§ Problem requirements: Return the line containing "this 1092×1092 image." and all lines after it exactly; stop at the end of the material.
=== Section Start ===
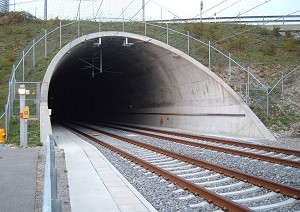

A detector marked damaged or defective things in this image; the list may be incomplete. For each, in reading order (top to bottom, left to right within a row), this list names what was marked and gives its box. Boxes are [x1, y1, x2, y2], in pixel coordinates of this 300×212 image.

rusty rail [69, 121, 300, 200]
rusty rail [98, 122, 300, 169]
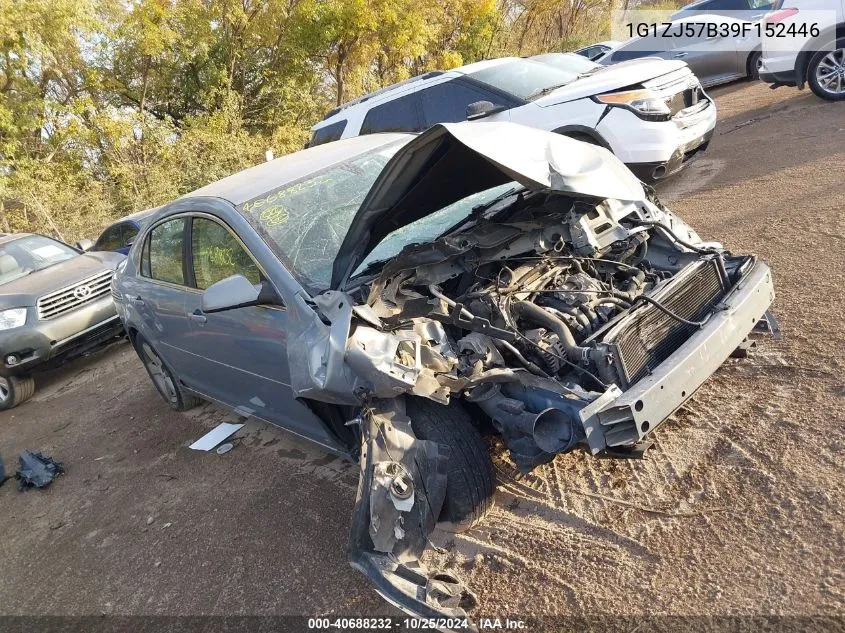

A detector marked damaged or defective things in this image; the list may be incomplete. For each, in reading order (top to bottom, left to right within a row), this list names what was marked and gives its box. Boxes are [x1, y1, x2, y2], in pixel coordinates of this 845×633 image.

shattered windshield [236, 143, 404, 292]
buckled hood [332, 121, 648, 288]
wrecked silver sedan [110, 121, 772, 620]
damaged bumper [592, 260, 776, 452]
crumpled fender [346, 398, 478, 624]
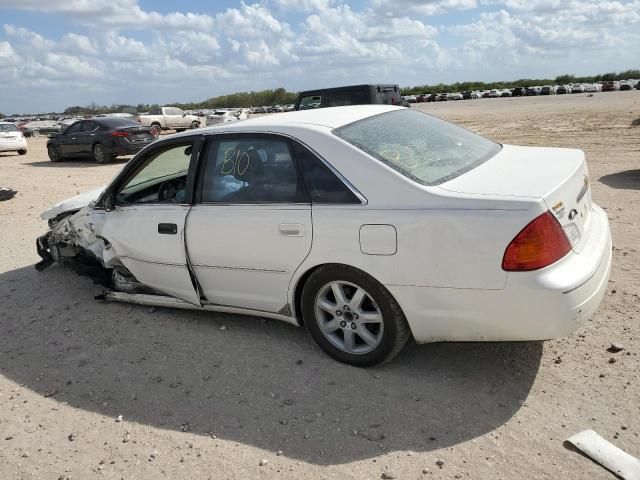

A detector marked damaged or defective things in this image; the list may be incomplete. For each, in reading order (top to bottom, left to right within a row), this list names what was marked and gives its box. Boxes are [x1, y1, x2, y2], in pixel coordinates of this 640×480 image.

damaged sedan [37, 105, 612, 366]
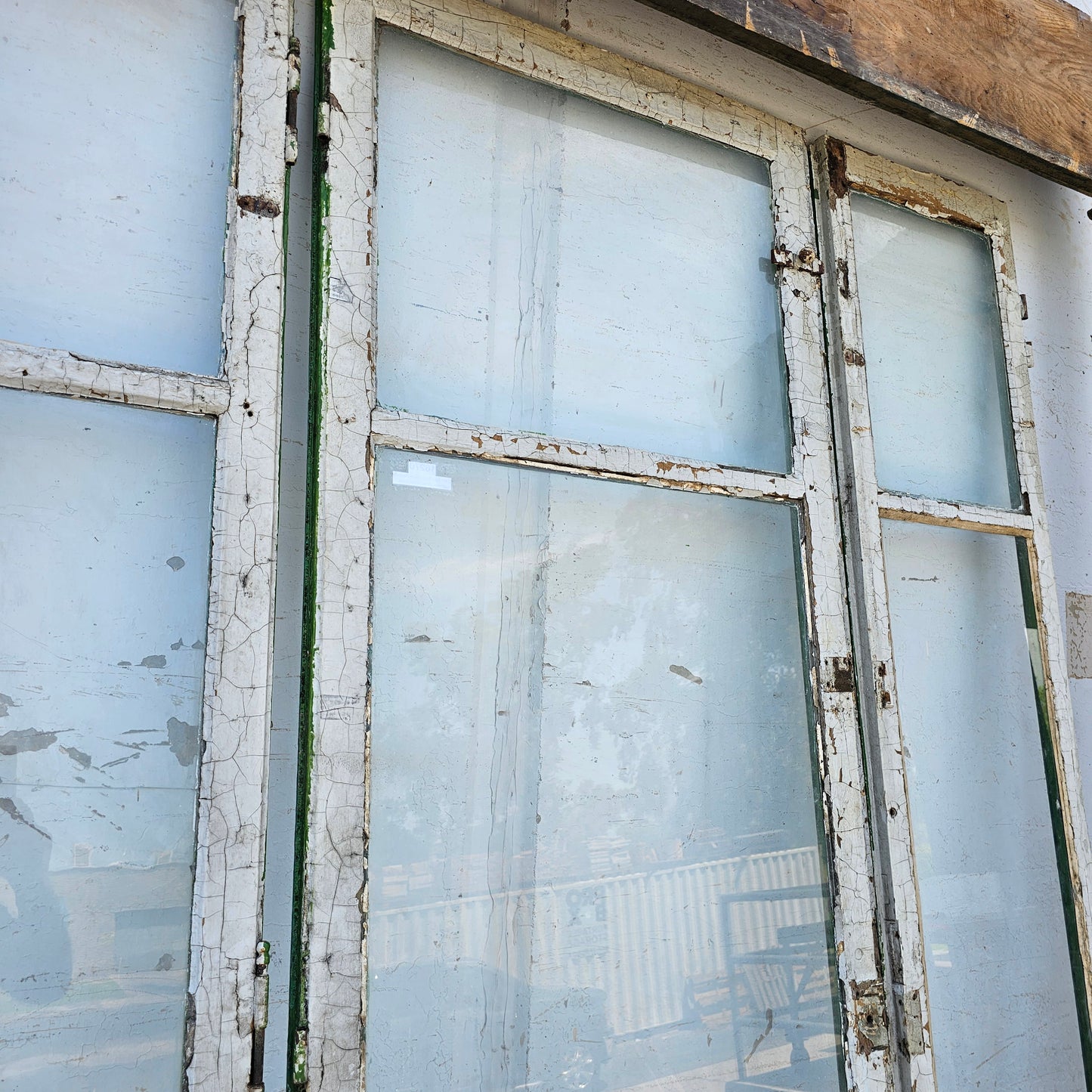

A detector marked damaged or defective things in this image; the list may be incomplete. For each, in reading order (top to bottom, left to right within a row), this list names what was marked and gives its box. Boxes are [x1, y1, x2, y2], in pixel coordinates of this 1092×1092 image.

rusted metal hinge [286, 37, 304, 166]
rusted metal hinge [774, 245, 822, 278]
=== Section End ===
§ Answer box:
A detector marked damaged or defective things in this image; the list may be incomplete. For each, in reading order (top to bottom, left to right within a row), this list names what was marked and gives its box. Boxes are [x1, y1, x2, y2], in pixel coordinates of this 1092×1092 image.

rusted metal hinge [286, 37, 304, 166]
rusted metal hinge [774, 245, 822, 278]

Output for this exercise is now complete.